Los análisis que se vienen realizando desde la caída de Hillary Clinton, casi en su mayoría, se centran en la clase media urbana, buena parte conformada por los millennials, que ocupan puestos laborales en sectores vinculados a las nuevas tecnologías como el objeto de odio por parte de los suprematistas: los blancos de mediana edad víctimas del cambio de paradigma que acarrea desempleo, pobreza creciente y destrucción, arrastrando en la caída los valores de una clase que aún defiende la religión y que se manifiesta contraria a la diversidad, el signo que distingue a los jóvenes integrados. Estos son los culpables para los desplazados.
El mismo día que la prensa europea difundía los resultados liberadores de las elecciones holandesas, en sus páginas se incluía uno de los anuncios de la nueva campaña de Dolce & Gabbana. El marketing suele desvariar en su ansia de imponer al mercado de consumo la circulación de bienes o políticos pero suele captar el espíritu de cada coyuntura y servirse del mismo para vender.

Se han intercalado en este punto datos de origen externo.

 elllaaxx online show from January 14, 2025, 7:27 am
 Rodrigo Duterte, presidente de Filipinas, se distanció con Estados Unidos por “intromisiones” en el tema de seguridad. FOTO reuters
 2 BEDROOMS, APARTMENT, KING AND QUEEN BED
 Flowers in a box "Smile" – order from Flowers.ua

En este anuncio, la nueva colección estival de D&G recurre a la isla de Capri para seguir acentuando el tono meridional de la marca frente al diseño formal que se identifica con Milán. En la foto se ve, en una callejuela de Capri o Anacapri, un diminuto vehículo, parecido a los que se utilizan en los campos de golf, cargado de garrafas de gas y de jóvenes que visten y exhiben las prendas de D&G. Junto al pequeño camión, su conductor, un trabajador moreno, del sur, ataviado con ropa de trabajo y un par de remeras baratas superpuestas y con el lógico desaliño de quien lidia con un trabajo arduo, habla con alguien a través de su celular y su gesto es de cierta preocupación; la actitud es ambigua pero bien puede estar relacionada con los sujetos que se han montado y ocupado su herramienta laboral.

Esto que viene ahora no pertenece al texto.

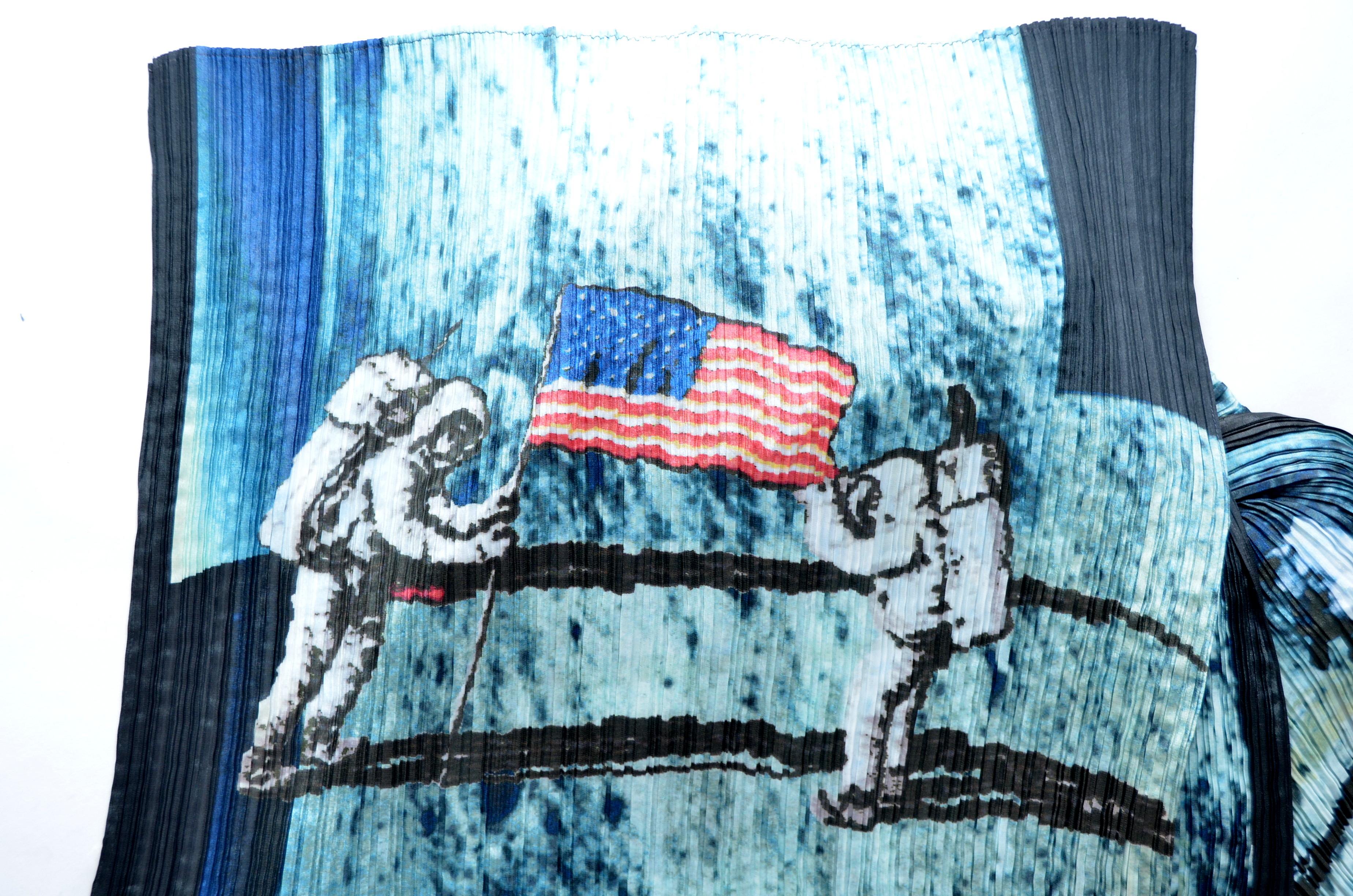 Blue Issey Miyake PLEATS PLEASE  Apollo's Moon Landing Shawl Cover Mint 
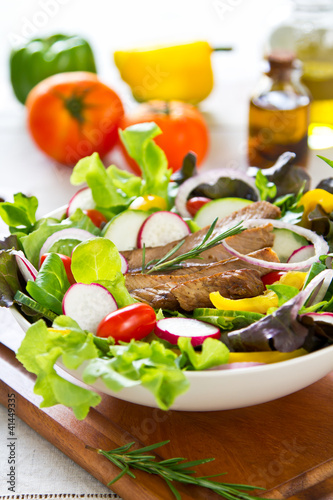 Grilled Beef salad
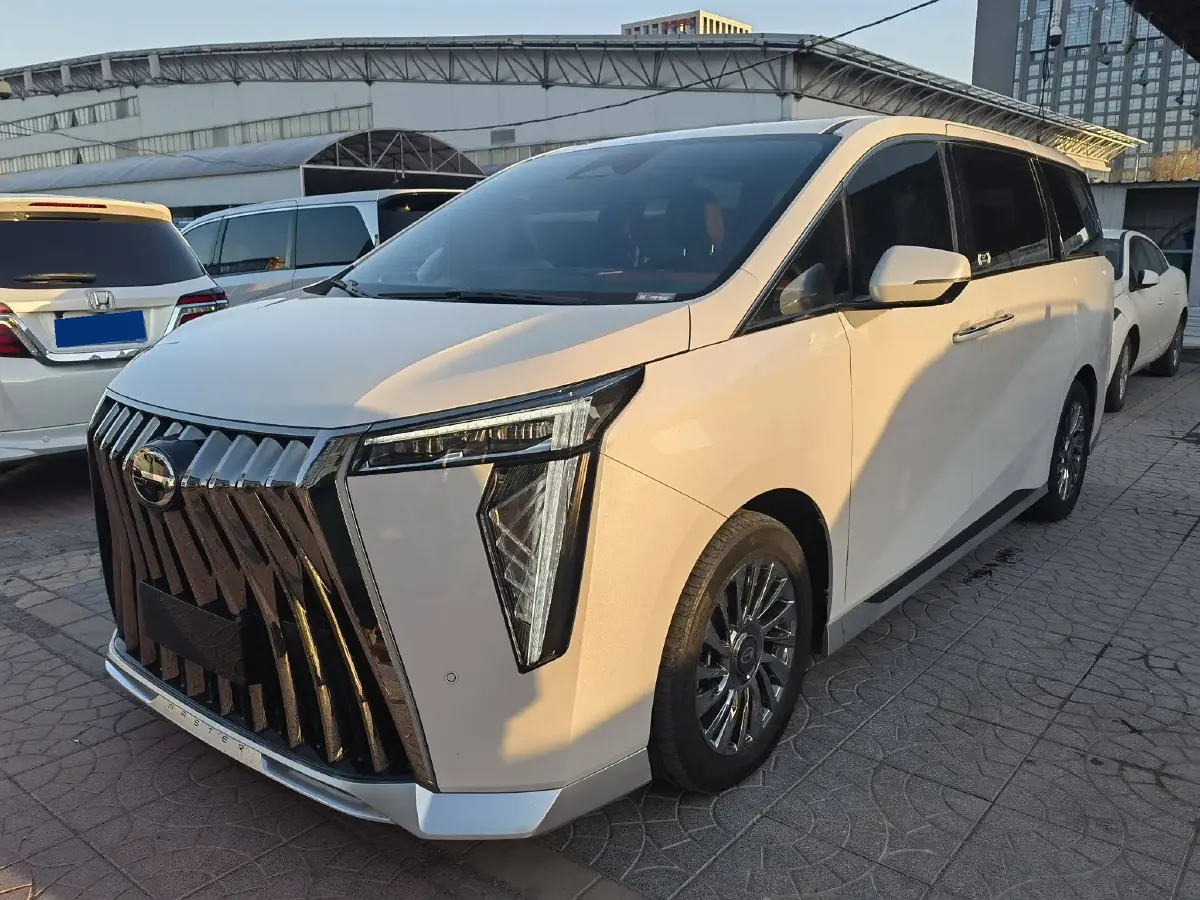 2023 GAC Trumpchi M8 2.0T 252HP L4 8AT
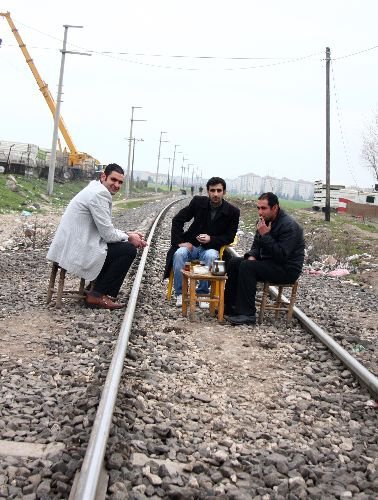 Ray Üstünde Çay Keyfi
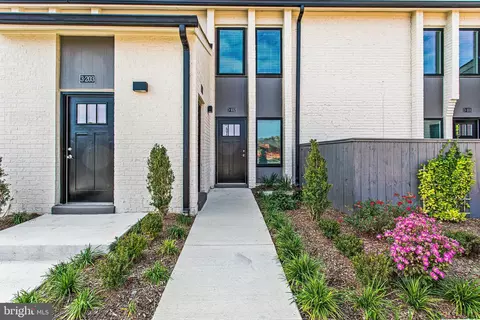 19520 Village Walk Dr #3-102, Montgomery Village, MD 20886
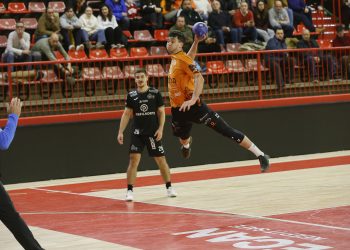 El Bathco BM Torrelavega arranca su Torneo Invernal con un trabajado triunfo ante el ABC de Braga (33-30)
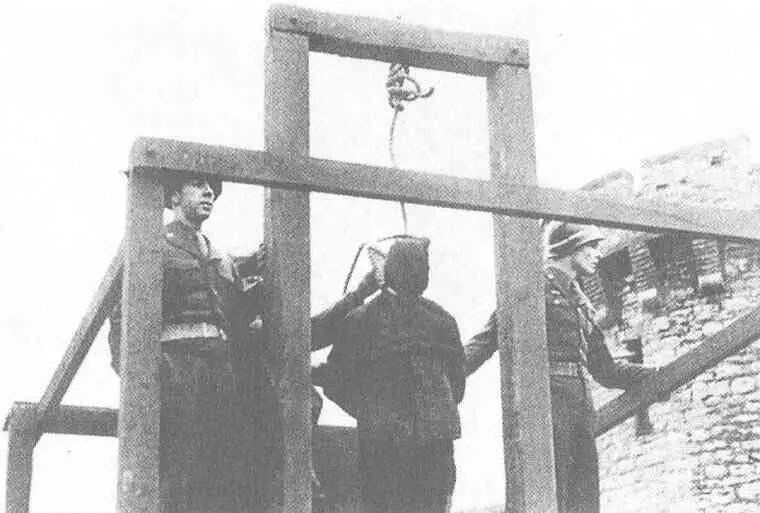 СС на виселице Приведение в исполнение смертного приговора Нюрнбергский - фото 91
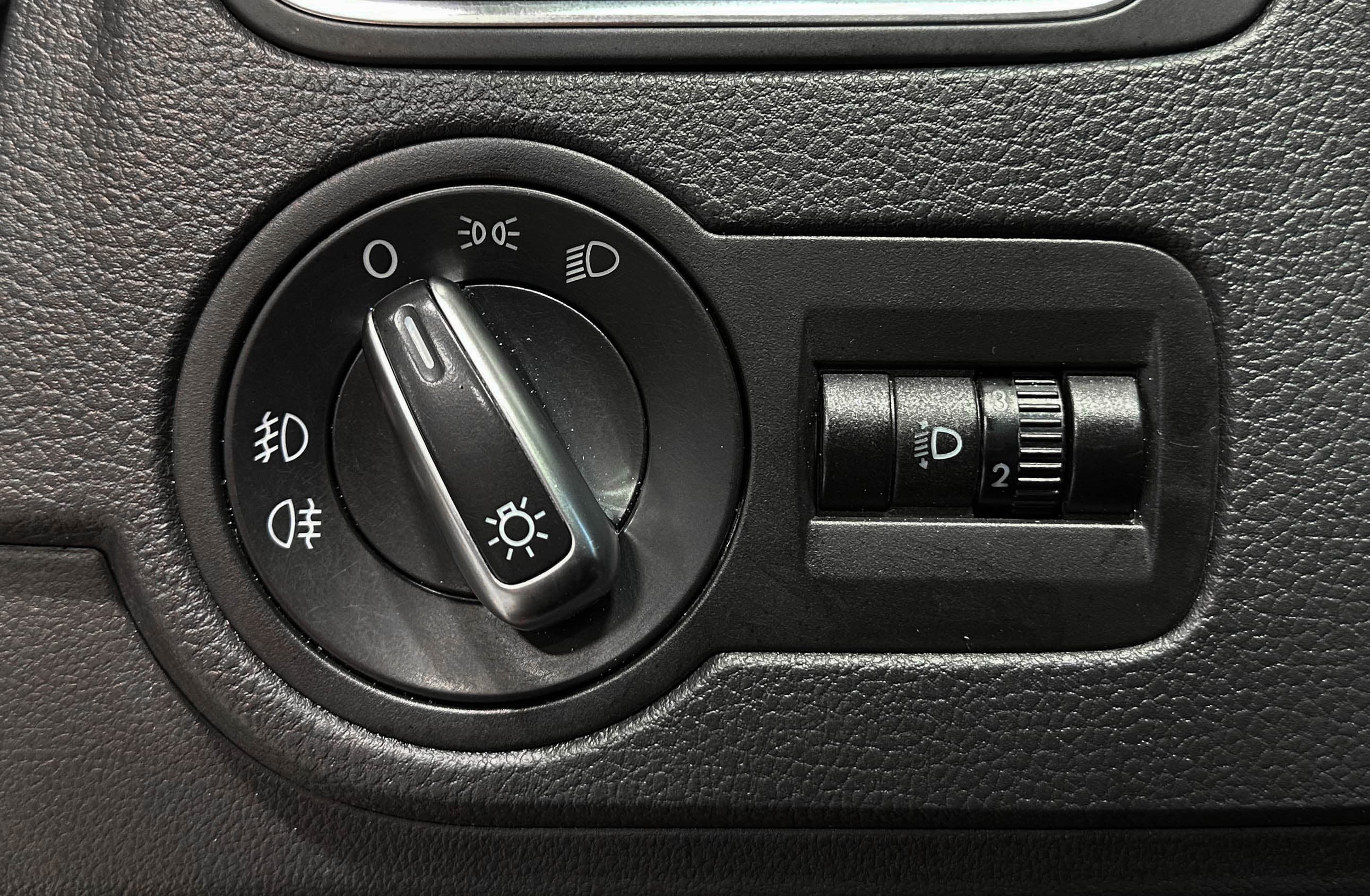 Volkswagen Polo - фото 17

Los jóvenes, por su parte, son todos blancos, occidentales, con la única excepción de uno de ellos, que puede pertenecer a alguna etnia africana y que, a diferencia del grupo, no se ha subido al vehículo pero otorga diversidad al conjunto.

La escena no puede ser más clara: “Acá hay unos vivos que se han quedado con lo mío”, parece decir a su interlocutor, a través del celular, el trabajador.

En un artículo reciente publicado en El País, el sociólogo Jorge Galindo observaba una nueva tendencia a la que llama droite devine, conformada por líderes de opinión entre la juventud urbana, acomodados, para quienes apostar por una revolución de extrema derecha –la Sexta Internacional, como la llama el economista Joaquín Estefanía después de que el historiador Timothy Garton Ash definiera a la Quinta como el movimiento de los indignados– no les supone ningún riesgo: si se pertenece a la clase dominante, no hay mayores consecuencias. Jugar con el futuro de otros sale gratis, viene a decir Galindo.

La posición de la derecha neoliberal no es ajena a esta impostura ya que su supuesta defensa del republicanismo es un ardid en el que está en juego el espacio democrático, que viene cediendo terreno desde hace años, en el mismo momento en que convirtió el Estado de bienestar en Estado de mercado y a los ciudadanos en simples consumidores.
El problema no es la ultraderecha, es el neoliberalismo. De momento, se gana tiempo pero falta muy poco para que se pierda el espacio.

*Periodista y escritor.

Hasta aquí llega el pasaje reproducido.